## Task statement
I need each line of the entries below that includes the string "Rear".
○ ○ ○
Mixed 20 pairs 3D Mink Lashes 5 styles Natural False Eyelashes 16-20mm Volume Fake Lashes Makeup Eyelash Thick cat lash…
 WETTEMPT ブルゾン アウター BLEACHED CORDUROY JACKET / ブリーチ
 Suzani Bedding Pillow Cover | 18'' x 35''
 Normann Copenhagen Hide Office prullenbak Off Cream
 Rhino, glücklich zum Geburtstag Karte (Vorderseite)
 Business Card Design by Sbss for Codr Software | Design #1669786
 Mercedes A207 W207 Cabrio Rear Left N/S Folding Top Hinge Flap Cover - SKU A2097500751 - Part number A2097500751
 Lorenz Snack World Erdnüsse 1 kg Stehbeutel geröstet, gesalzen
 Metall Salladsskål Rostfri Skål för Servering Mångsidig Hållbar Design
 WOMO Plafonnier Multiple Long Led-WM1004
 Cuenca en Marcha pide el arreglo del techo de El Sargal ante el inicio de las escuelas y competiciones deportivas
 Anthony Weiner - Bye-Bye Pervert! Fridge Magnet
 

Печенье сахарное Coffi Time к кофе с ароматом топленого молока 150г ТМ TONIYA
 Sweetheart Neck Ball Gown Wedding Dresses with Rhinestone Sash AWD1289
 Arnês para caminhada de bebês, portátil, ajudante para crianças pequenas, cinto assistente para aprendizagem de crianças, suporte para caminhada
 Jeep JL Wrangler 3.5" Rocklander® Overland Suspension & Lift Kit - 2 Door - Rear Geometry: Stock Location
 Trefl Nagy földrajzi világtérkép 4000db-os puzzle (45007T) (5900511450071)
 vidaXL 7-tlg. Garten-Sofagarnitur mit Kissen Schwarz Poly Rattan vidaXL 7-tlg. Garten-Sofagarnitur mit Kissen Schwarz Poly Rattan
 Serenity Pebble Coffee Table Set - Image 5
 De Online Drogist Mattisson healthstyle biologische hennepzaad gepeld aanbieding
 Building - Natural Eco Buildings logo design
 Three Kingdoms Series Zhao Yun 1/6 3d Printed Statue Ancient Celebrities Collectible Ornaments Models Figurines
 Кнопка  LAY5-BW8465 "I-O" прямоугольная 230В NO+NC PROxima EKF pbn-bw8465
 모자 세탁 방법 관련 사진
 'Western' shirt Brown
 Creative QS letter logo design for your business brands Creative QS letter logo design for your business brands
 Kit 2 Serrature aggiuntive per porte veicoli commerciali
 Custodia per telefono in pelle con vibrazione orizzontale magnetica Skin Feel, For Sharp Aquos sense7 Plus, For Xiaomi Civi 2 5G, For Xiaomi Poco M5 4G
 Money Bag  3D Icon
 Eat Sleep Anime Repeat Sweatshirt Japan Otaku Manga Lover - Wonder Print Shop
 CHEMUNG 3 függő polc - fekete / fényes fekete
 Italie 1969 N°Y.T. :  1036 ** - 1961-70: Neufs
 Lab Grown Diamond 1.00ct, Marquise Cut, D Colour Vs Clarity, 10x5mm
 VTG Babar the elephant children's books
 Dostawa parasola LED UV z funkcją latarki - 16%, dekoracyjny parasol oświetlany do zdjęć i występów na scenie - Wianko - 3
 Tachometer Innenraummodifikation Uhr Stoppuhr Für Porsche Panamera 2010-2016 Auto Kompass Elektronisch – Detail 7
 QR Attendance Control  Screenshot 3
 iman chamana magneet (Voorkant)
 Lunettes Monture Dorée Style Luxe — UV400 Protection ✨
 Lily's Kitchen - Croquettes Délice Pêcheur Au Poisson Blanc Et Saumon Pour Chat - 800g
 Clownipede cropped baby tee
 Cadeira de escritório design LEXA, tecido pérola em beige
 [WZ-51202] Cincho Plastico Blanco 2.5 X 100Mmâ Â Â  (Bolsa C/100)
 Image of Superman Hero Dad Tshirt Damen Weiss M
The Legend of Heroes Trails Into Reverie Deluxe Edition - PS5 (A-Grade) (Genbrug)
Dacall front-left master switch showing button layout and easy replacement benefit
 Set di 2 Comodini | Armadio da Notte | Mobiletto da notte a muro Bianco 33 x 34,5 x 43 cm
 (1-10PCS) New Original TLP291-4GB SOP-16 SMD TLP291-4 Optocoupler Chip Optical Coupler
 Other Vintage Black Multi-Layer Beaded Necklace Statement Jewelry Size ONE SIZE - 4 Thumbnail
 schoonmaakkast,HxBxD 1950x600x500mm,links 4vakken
○ ○ ○
## Written solution
 Mercedes A207 W207 Cabrio Rear Left N/S Folding Top Hinge Flap Cover - SKU A2097500751 - Part number A2097500751
 Jeep JL Wrangler 3.5" Rocklander® Overland Suspension & Lift Kit - 2 Door - Rear Geometry: Stock Location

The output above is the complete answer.